ここでは、ハロー効果の意味について簡単にみていきましょう。
ハロー効果はさまざまな場面で利用されています。ビジネスでは、イメージアップのためにハロー効果を取り入れている企業のホームページが一例です。例えば有名人を起用したホームページは、有名人が持つ好感度の高さが会社の印象に反映され、イメージの向上につながります。
ハロー効果はまた、恋愛にも効果的です。恋愛で第一印象は大切であり、良い特徴を際立たせることで、ハロー効果により全体の効果を高められるのです。
ハロー効果と似た言葉に、「ピグマリオン効果」や「ホーソン効果」があります。ピグマリオン効果とは、「人は期待された通りの結果を出す傾向がある」とする理論で、人の無意識に働きかけるのがハロー効果との共通点です。しかし、ハロー効果は相手の際立った特徴で自分の評価が変わるのに対し、ピグマリオン効果は相手に期待することで相手を変えるという違いがあります。

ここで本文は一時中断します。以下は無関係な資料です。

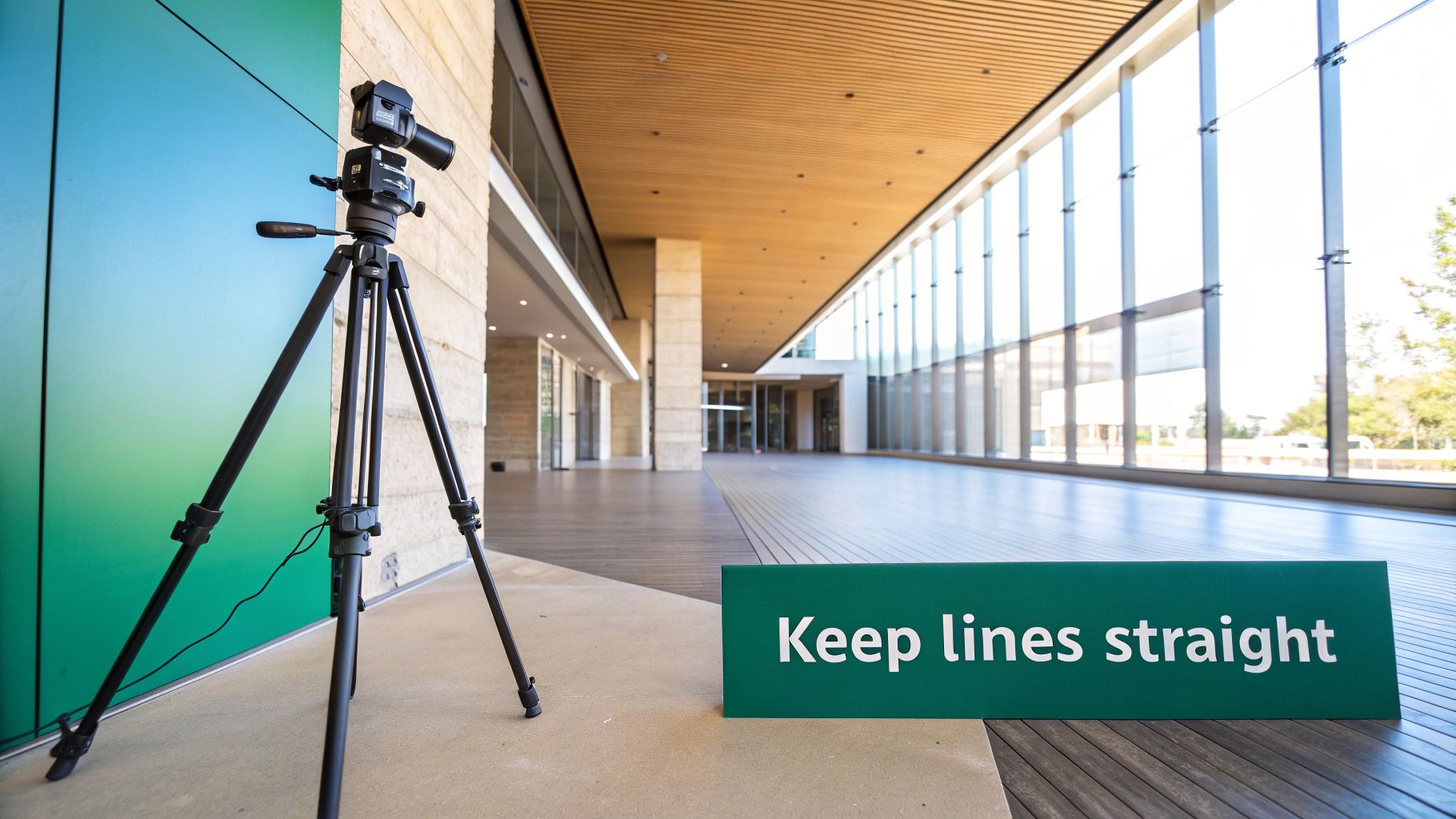 A camera on a tripod in a modern, brightly lit hallway with a 'Keep lines straight' sign.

ホーソン効果は、人から注目されることで力を発揮するという意味です。無意識の働きかけという点でハロー効果と似ていますが、ピグマリオン効果と同じく他者からの意識や視線がきっかけで意識が変わる点で、ハロー効果とは異なります。
ハロー効果には、ポジティブな方面へ向かう効果とネガティブな方向へと印象が変わる効果の二面性があります。
「ポジティブ・ハロー効果」とは、特定部分の印象が良いと感じた場合に別の部分も良く感じる現象です。一方、「ネガティブ・ハロー効果」は悪い特徴をその人の全体として捉え、本来よりも悪い印象を持ってしまうことです。

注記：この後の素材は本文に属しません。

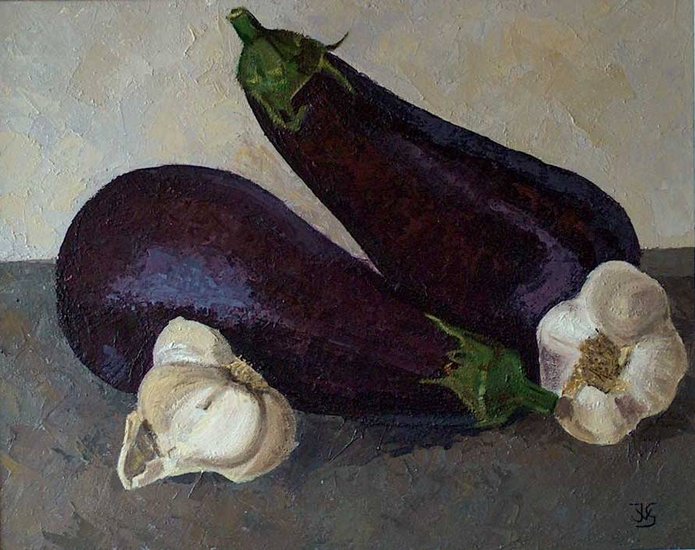 Aubergines met look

ポジティブ・ハロー効果は、対象の目立つ良い部分を捉え、実際よりも高い評価をすることです。例えば、口コミの評価が高い商品はいいものだと感じ、あまり商品の内容を見ずに購入してしまうことが挙げられます。
また、飲食店で丁寧な接客を受けたときにその店員が優しい人柄であると感じるのは、ハロー効果の影響です。店員は店のマニュアルどおりに接客しただけであり、実際の人柄とは関係ありません。
ほかに、一流大学出身と聞くと実績を見ずに仕事ができる人と評価してしまうのも、ポジティブ・ハロー効果の一例といえるでしょう。
ネガティブ・ハロー効果は、悪い特徴を全体評価として捉え、実際よりも低く評価することです。例えば、能力が高い人でも服装が乱れていると、仕事もルーズなのではないかという印象を持たれることがあげられます。
買い物や飲食でお店を訪れたとき、店員の態度が悪ければそのお店全体や商品の印象まで悪くなってしまうのもネガティブ・ハロー効果といえるでしょう。
また、良い口コミがポジティブ・ハロー効果をもたらすのと同じく、悪い口コミを見た場合には優れている商品でも購入をやめてしまうネガティブ・ハロー効果を引き起こします。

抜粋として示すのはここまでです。